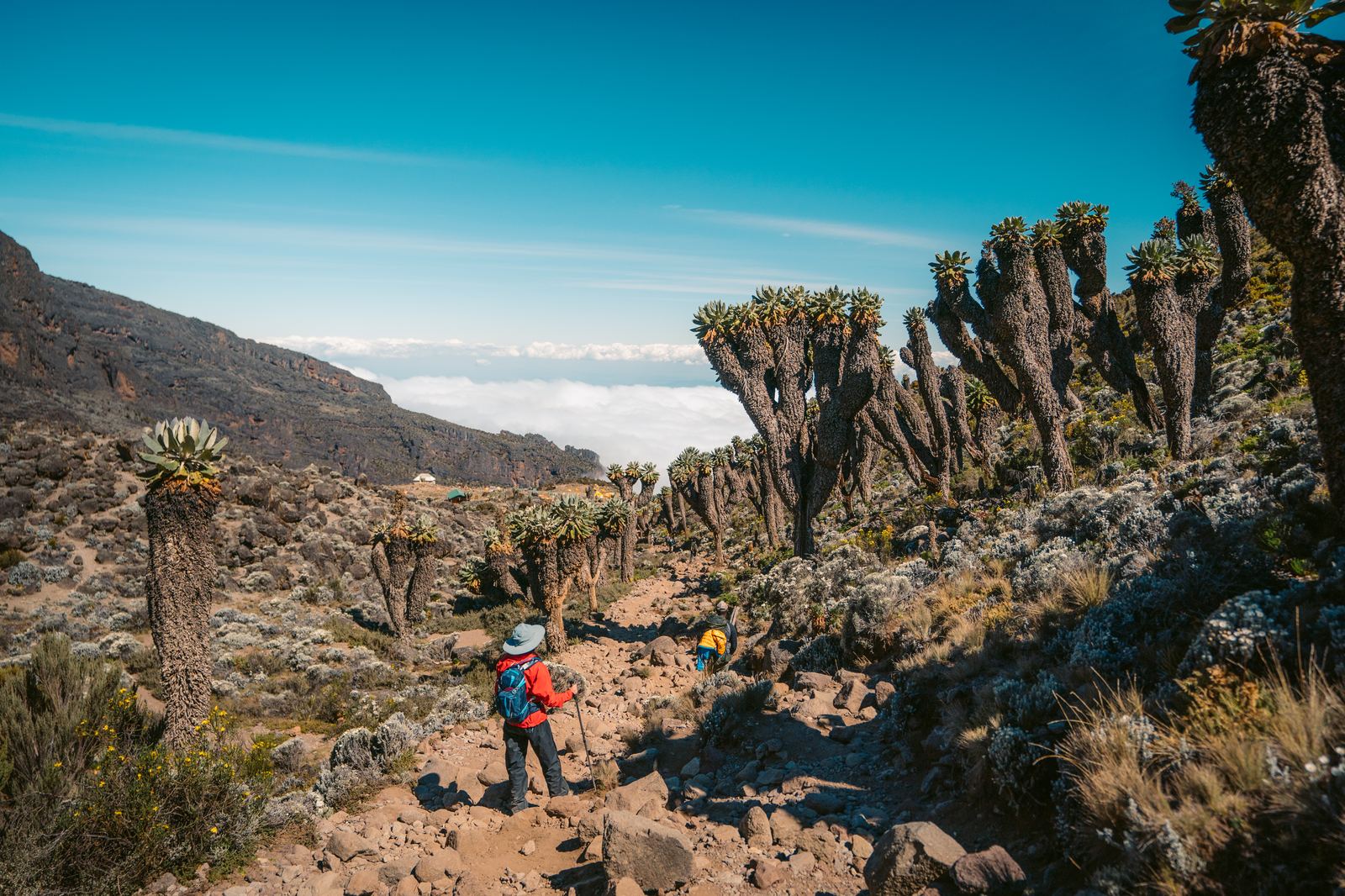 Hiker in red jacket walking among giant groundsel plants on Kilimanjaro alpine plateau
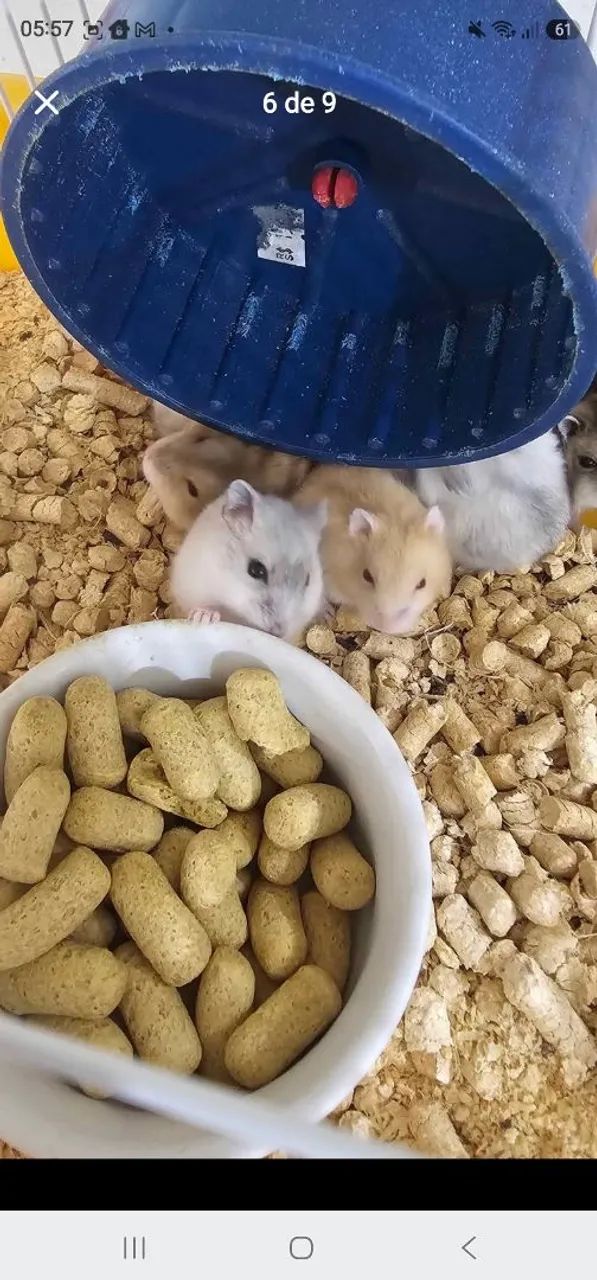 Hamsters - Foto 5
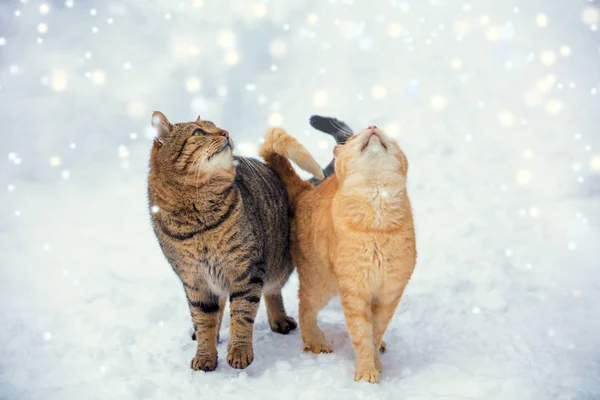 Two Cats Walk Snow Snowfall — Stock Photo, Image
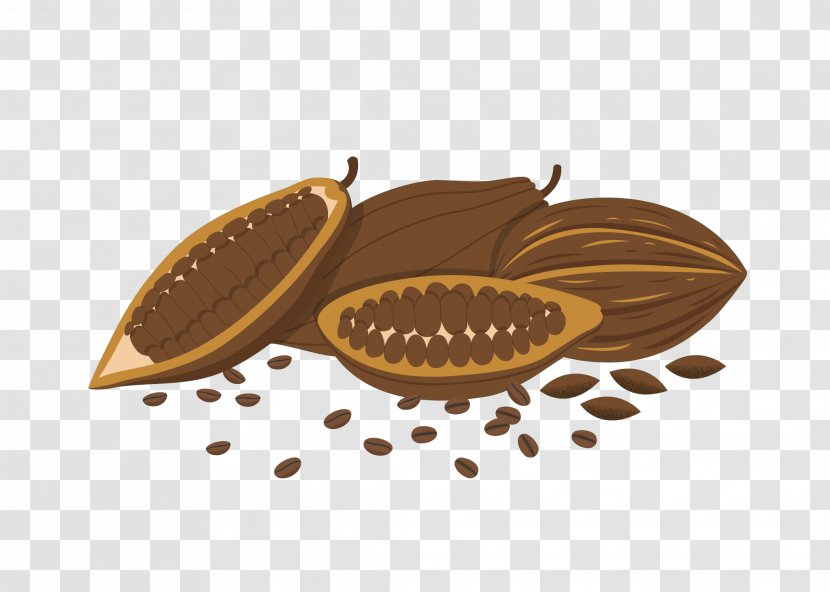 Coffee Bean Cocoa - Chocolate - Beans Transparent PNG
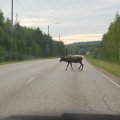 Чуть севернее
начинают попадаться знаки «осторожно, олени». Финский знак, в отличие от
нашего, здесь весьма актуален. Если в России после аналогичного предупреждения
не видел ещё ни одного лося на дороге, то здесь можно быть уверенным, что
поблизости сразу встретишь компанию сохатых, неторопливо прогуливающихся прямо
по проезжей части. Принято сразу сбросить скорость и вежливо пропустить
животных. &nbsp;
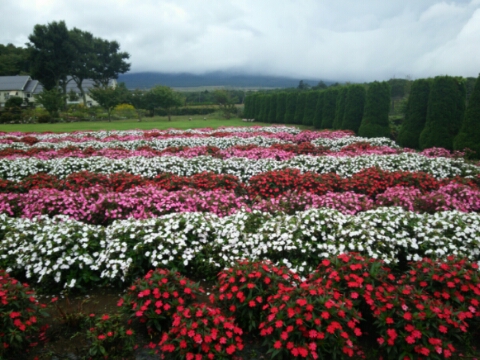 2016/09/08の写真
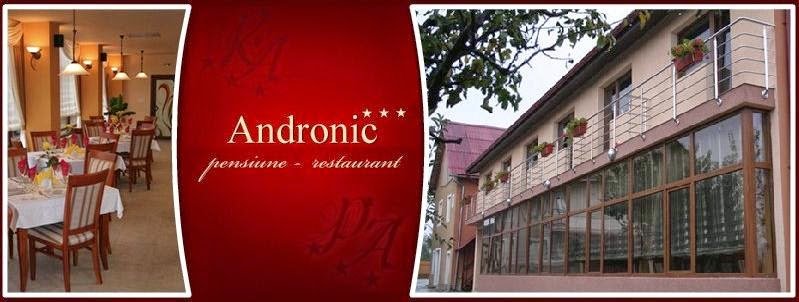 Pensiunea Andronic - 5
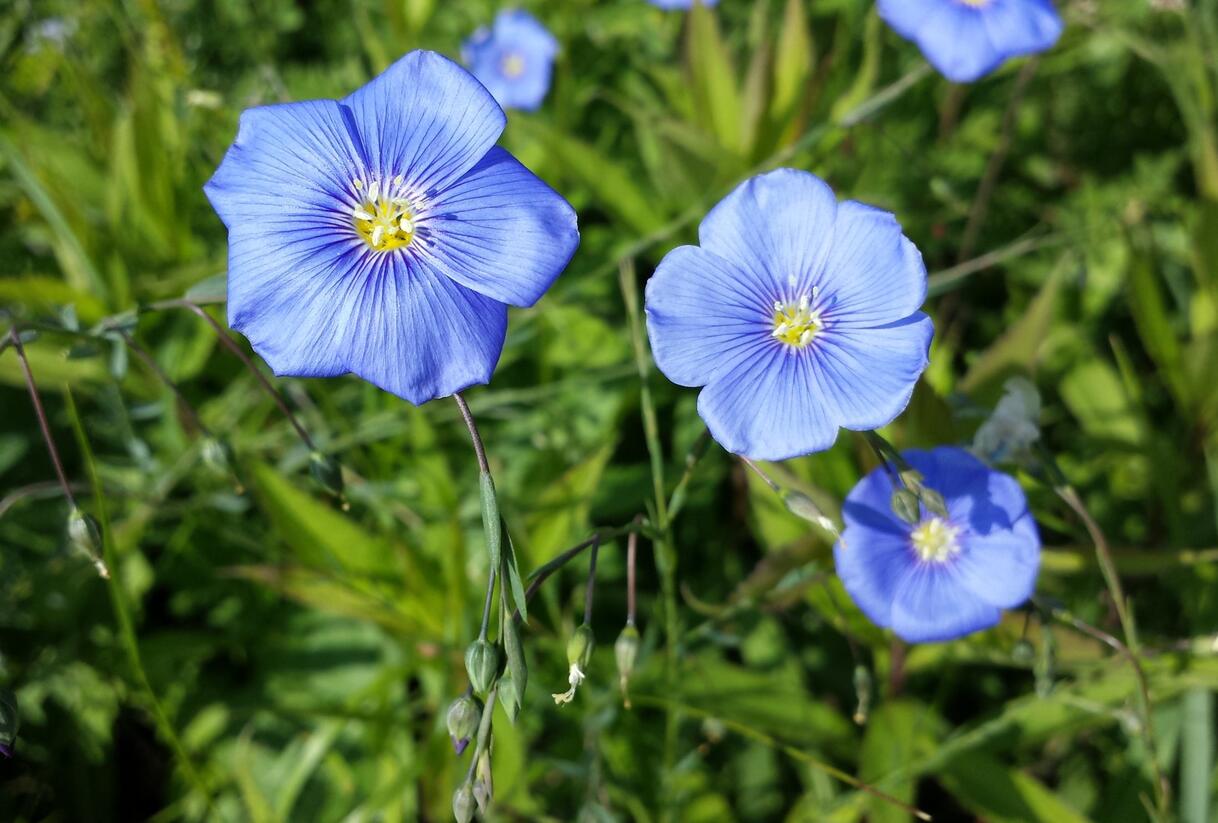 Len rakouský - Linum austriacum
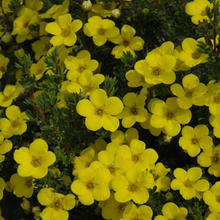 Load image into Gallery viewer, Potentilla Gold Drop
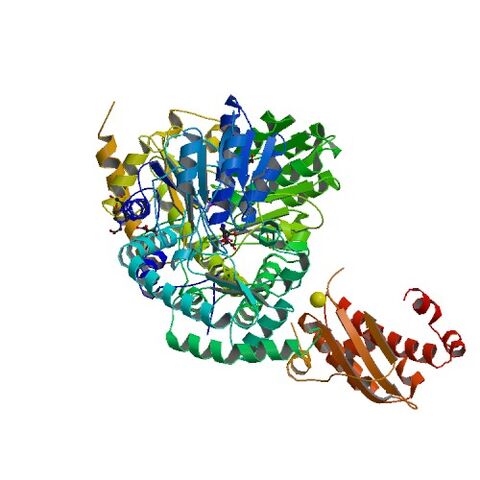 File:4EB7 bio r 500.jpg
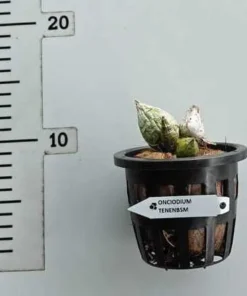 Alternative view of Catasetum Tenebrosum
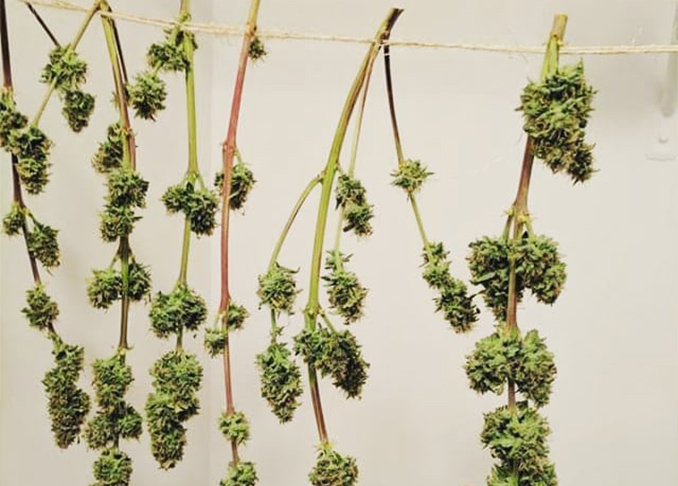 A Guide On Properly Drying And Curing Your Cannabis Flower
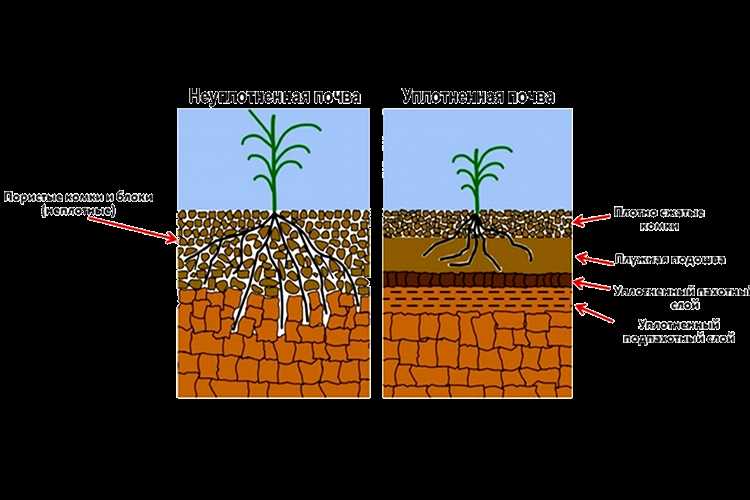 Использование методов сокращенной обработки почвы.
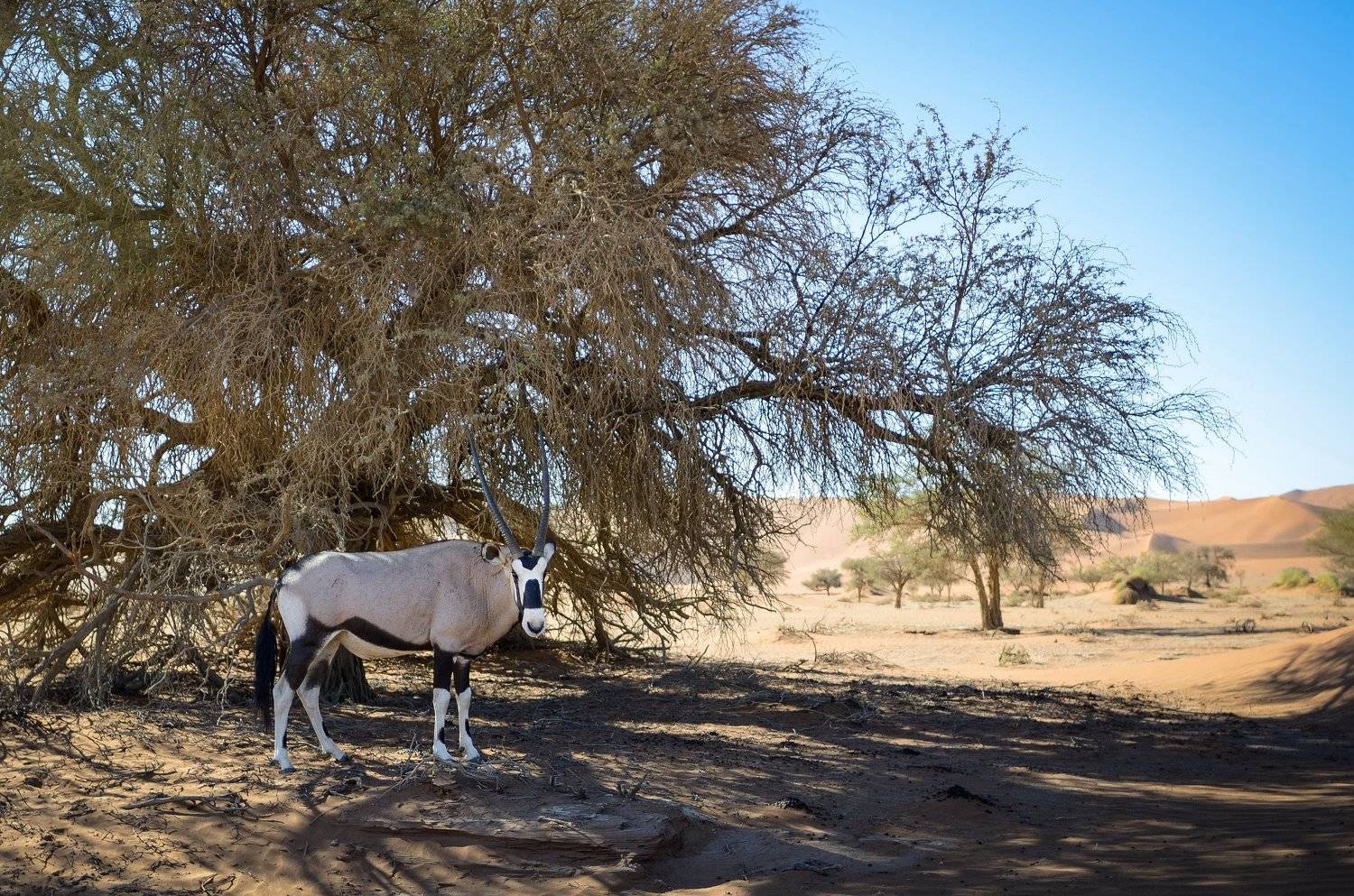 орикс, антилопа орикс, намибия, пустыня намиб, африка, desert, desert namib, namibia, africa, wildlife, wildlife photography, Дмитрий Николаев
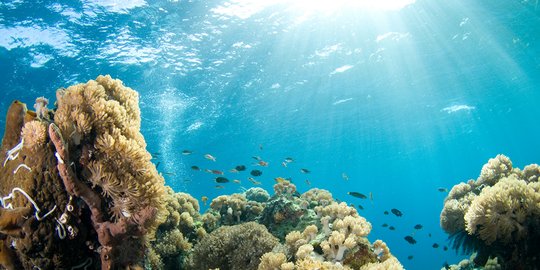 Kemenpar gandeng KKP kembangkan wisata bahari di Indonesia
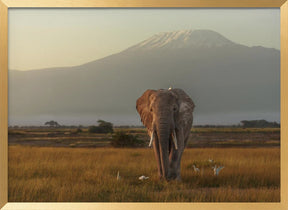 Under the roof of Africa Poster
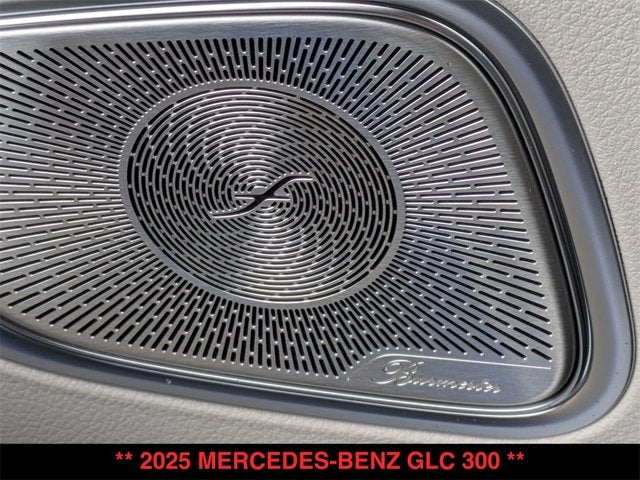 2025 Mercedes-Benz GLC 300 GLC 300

=======

Please filter the listing down to lines that include the word "здесь".

### PROBLEM SOLUTION
нашего, здесь весьма актуален. Если в России после аналогичного предупреждения
не видел ещё ни одного лося на дороге, то здесь можно быть уверенным, что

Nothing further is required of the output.